- The token price for World Liberty Financial (WLFI) fell 18% following a controversial governance vote.
- The proposal, which passed within 15 minutes, will lock 17 billion early supporter tokens for two more years, followed by a two-year gradual vesting period.
- Community members criticized the process as coercive and potentially rigged, noting four large voters controlled nearly 40% of the total votes.
- Tron CEO Justin Sun is suing WLFI for blacklisting his tokens, preventing him from voting on the proposal.
- WLFI was recently linked to a project involving individuals sanctioned for involvement in overseas crypto scams.
The price of World Liberty Financial‘s WLFI token plunged 18% after a rapid governance vote extended its token lock-up, a move immediately criticized as undemocratic. The proposal passed with 6.6 billion votes in just 15 minutes, achieving a 148% quorum.
However, scrutiny of the vote data revealed a stark imbalance. Meanwhile, the largest four “Yes” voters together held 2.5 billion tokens, representing almost 40% of the entire vote.
The approved plan will keep 17 billion early supporter tokens locked for another two years, followed by a two-year linear vesting period. Consequently, some investors must wait four more years for full access to their holdings.

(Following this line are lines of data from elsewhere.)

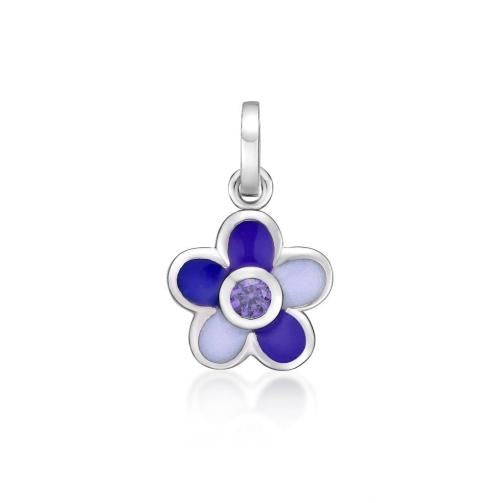 Parryus Jewellers Sterling Silver Purple Stone CTR Enamel Flower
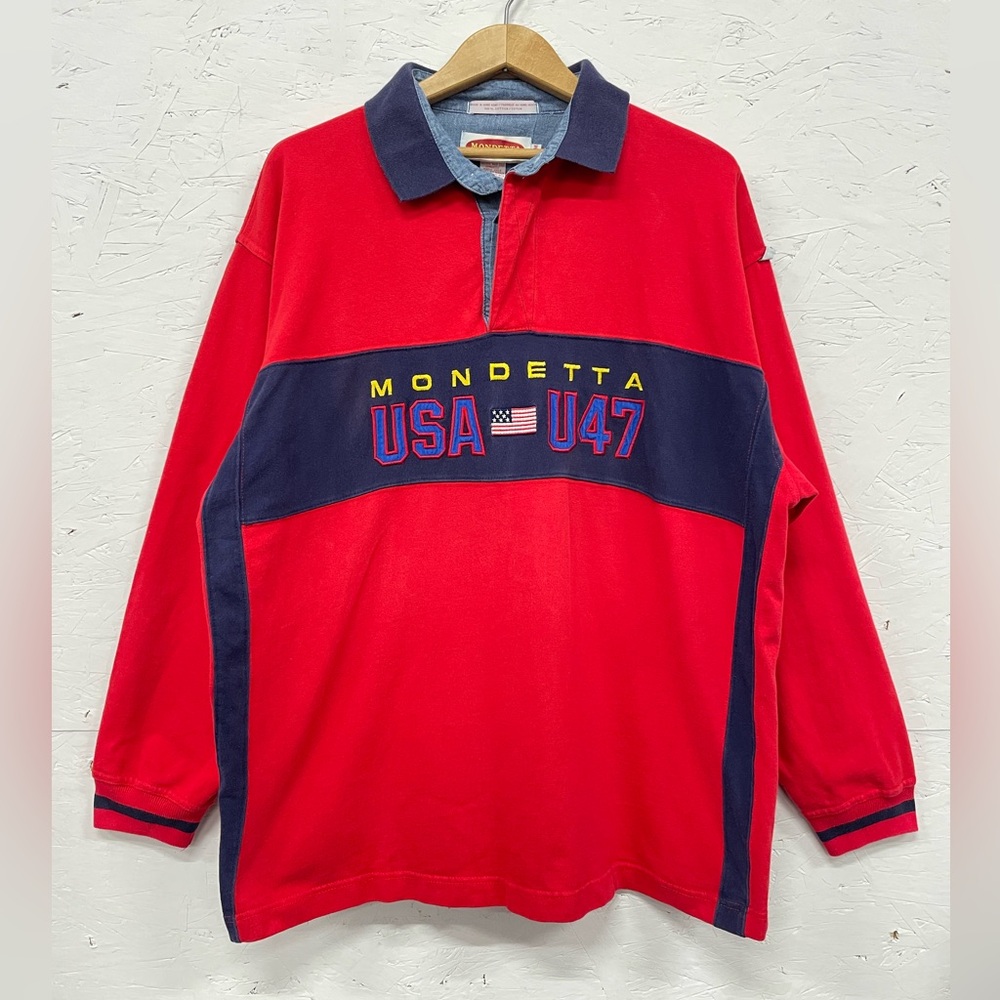 Vintage Mondetta USA Flag Polo Long Sleeve Shirt, Size M (Fits XL)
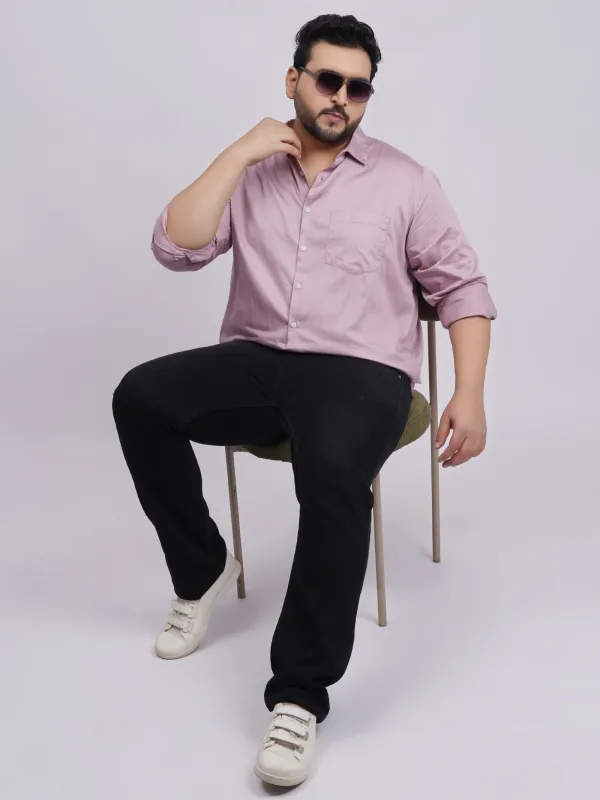 Plus_Size_Dusty_Pink_Full_Sleeve_Casual_Shirt_For_Men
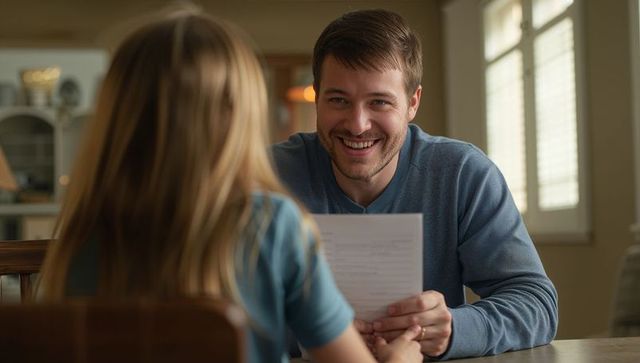 Father smiling while reviewing child's schoolwork at kitchen table encouraging family learning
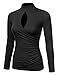 NINEXIS Women's Long Sleeve Mock Neck Keyhole Shirred Top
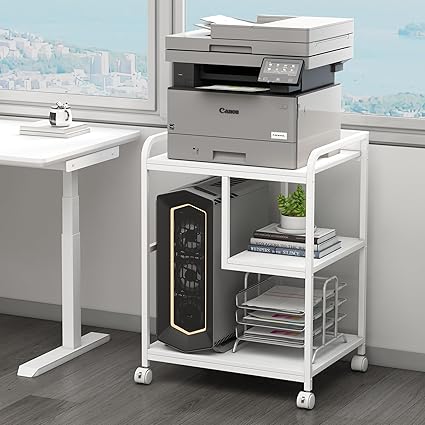 Rolling Printer Cart with Storage Shelf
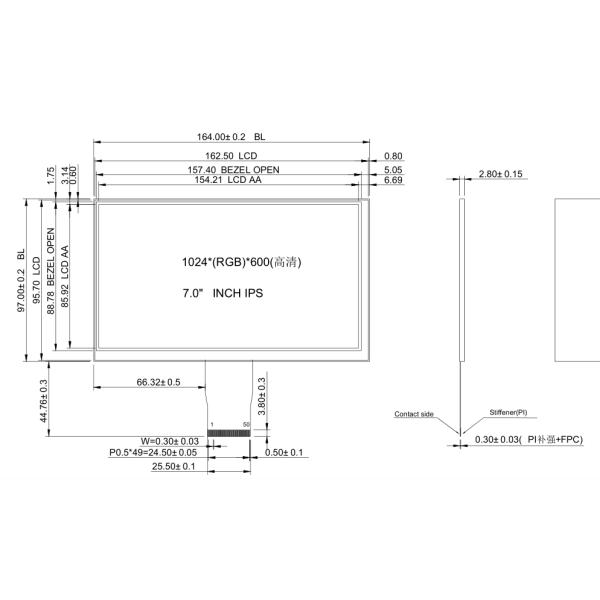 1024x600 ставит точки угол наблюдения 7 IPS штырей касания 50 модуля дюйма TFT LCD полный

The vote mechanics were widely condemned as coercive, as WLFI stated holders voting “No” would see tokens locked indefinitely. On social media, users noted the process felt predetermined and mocked its “community governance” claim.
Adding to its troubles, World Liberty Financial faces a lawsuit from former supporter Justin Sun. Sun said he could not vote because the firm froze his early investor tokens.
The company also faces reputational damage from a recent partnership. It was linked to a crypto firm overseeing a resort project led by two individuals sanctioned by the U.S. for alleged scam syndicate involvement.